Ensemble contre le Mercosur
Julien Caillard, agriculteur à Courson-les-Carrières : « Le Mercosur, c'est encore un truc en plus qui s'ajoute à la longue liste de revendications déjà annoncées il y a un an. La promesse n'a pas été tenue. Il y a quelque temps, notre président nous avait assuré que cet accord ne passerait pas, alors que le risque est là ».
Matthieu Thevenon, agriculteur à Brienon-sur-Armançon : « Je suis là pour dénoncer cet accord du Mercosur et pour faire passer le message aux consommateurs qu'il faut manger français. On a la volonté de vouloir se faire entendre et de défendre la profession. J'ai 32 ans, j'ai encore de longues années devant moi en tant qu'agriculteur, donc si on ne se bouge pas tout de suite, on se fera manger ».
Henri Ragon, agriculteur à Saints-en-Puisaye : « Ma présence est liée à plusieurs raisons, mais il y en a une que je souhaite souligner : c'est le Mercosur. On ne peut pas avoir, en France, des exigences croissantes au niveau de nos élevages et en parallèle importer de la viande sans cahier des charges, nourri aux antibiotiques qu'on n'utilise plus depuis des années en France et aux matières actives phytosanitaires rejetées chez nous depuis plus de 20 ans. Je trouve que c'est le monde à l'envers. Pour moi, ce n'est pas seulement un problème agricole, mais un problème qui touche chacun d'entre nous en tant que consommateur. Tout le monde doit s'emparer de ce dossier ».

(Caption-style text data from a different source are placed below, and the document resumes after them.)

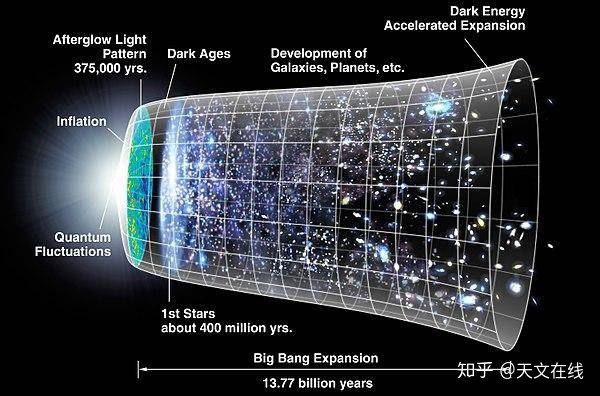 宇宙有尽头吗？尽头是什么？尽头之外又有什么？625 / 作者:Vonice / 帖子ID:114468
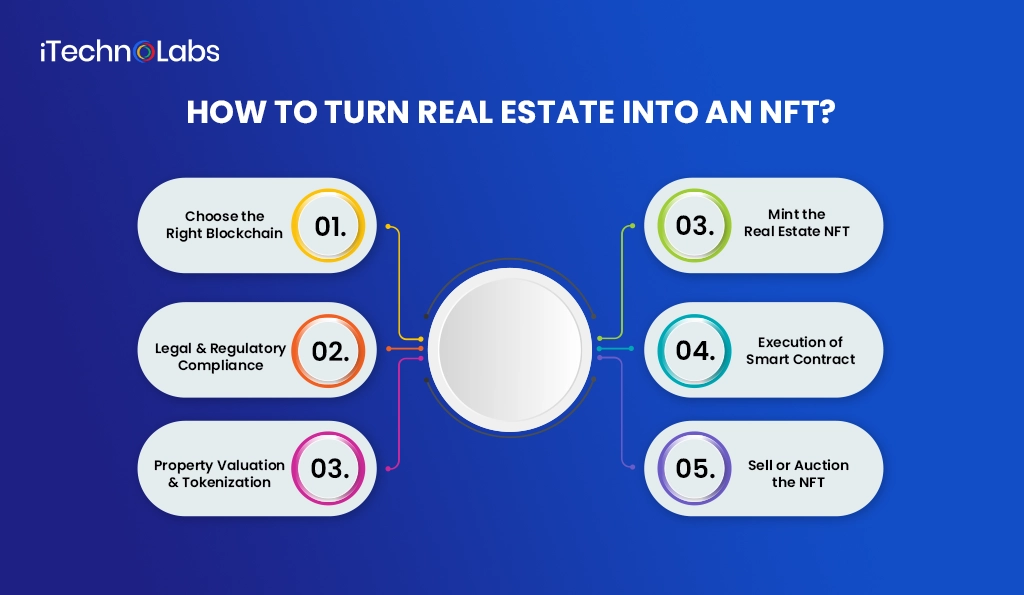 how-to-turn-real-estate-into-an-nft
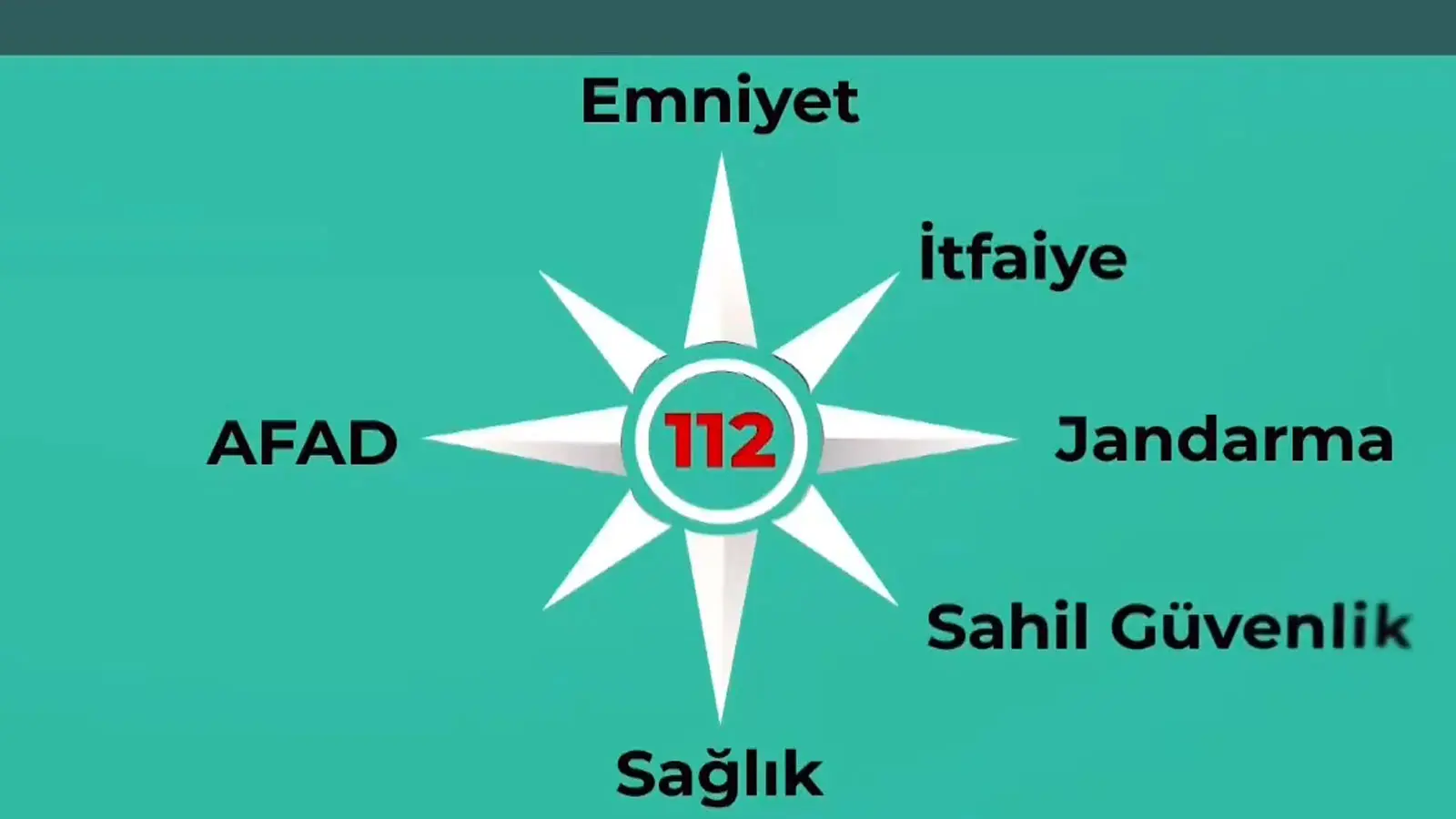 112-acil-cagri-merkezinde-204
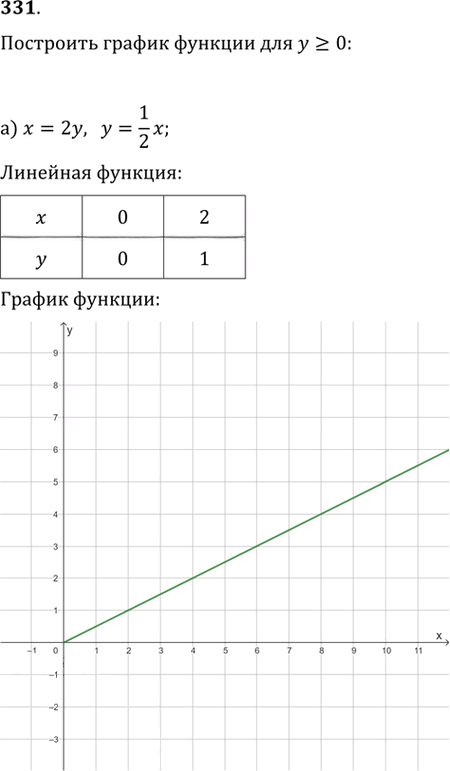 Иллюстрация к решению «Упр.331 ГДЗ Никольский Потапов 9 класс (Алгебра)», 1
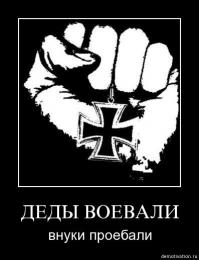 Восхищение врагов. Гестапо о советском народе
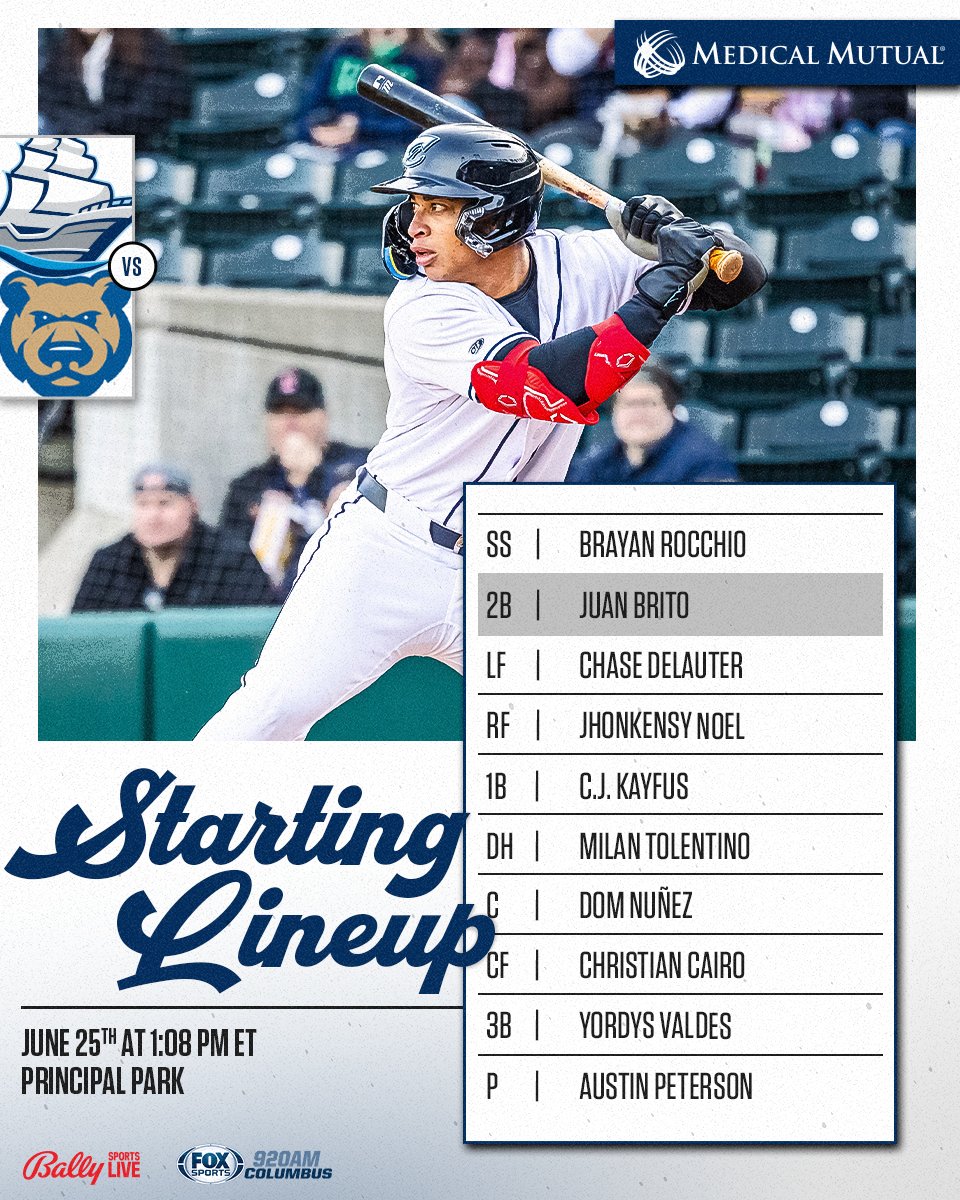 CLBClippers's tweet photo. Ball time

🆚: Iowa Cubs
⏰: 1:08pm ET
📍: Des Moines, Iowa
🏟️: Principal Park
📷: Daniel Johnson
🖥️: Bally Live
📱&amp; 💻: https://t.co/swVM3pjiiS
@medmutual | #ClipShow https://t.co/LYXcplvkpy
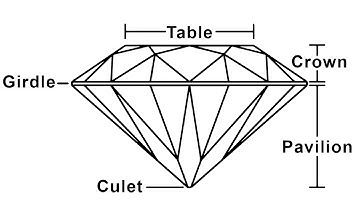 How to Make a Bezel Setting for Faceted Gemstones- Key Concepts 3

Francis Letellier, agriculteur à Saint-Privé : « Il y a urgence aujourd'hui. Le monde agricole ne comprendrait pas que l'Europe signe un accord où tout le monde a bien compris que les enjeux ne sont pas les mêmes entre nous et les pays d'Amérique du Sud. On ne peut pas lutter contre ces agricultures. On n'oublie pas non plus le gouvernement français et toutes les demandes qu'on a faites en début d'année, qui sont toujours sans réponse ».